— Work task —
Retype the entries below exactly, but begin at the line containing "Golden Retriever PUPPY" and end at the last line.

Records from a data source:
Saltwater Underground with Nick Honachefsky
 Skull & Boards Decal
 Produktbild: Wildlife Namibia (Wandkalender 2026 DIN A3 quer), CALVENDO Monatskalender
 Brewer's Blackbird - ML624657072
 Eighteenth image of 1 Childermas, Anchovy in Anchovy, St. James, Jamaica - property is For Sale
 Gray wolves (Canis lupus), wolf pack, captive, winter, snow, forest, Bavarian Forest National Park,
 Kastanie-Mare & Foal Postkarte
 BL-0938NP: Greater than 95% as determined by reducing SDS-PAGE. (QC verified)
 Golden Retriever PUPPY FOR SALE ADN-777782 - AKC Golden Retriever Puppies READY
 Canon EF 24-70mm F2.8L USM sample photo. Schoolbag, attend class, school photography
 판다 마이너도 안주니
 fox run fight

— Response area —
 Golden Retriever PUPPY FOR SALE ADN-777782 - AKC Golden Retriever Puppies READY
 Canon EF 24-70mm F2.8L USM sample photo. Schoolbag, attend class, school photography
 판다 마이너도 안주니
 fox run fight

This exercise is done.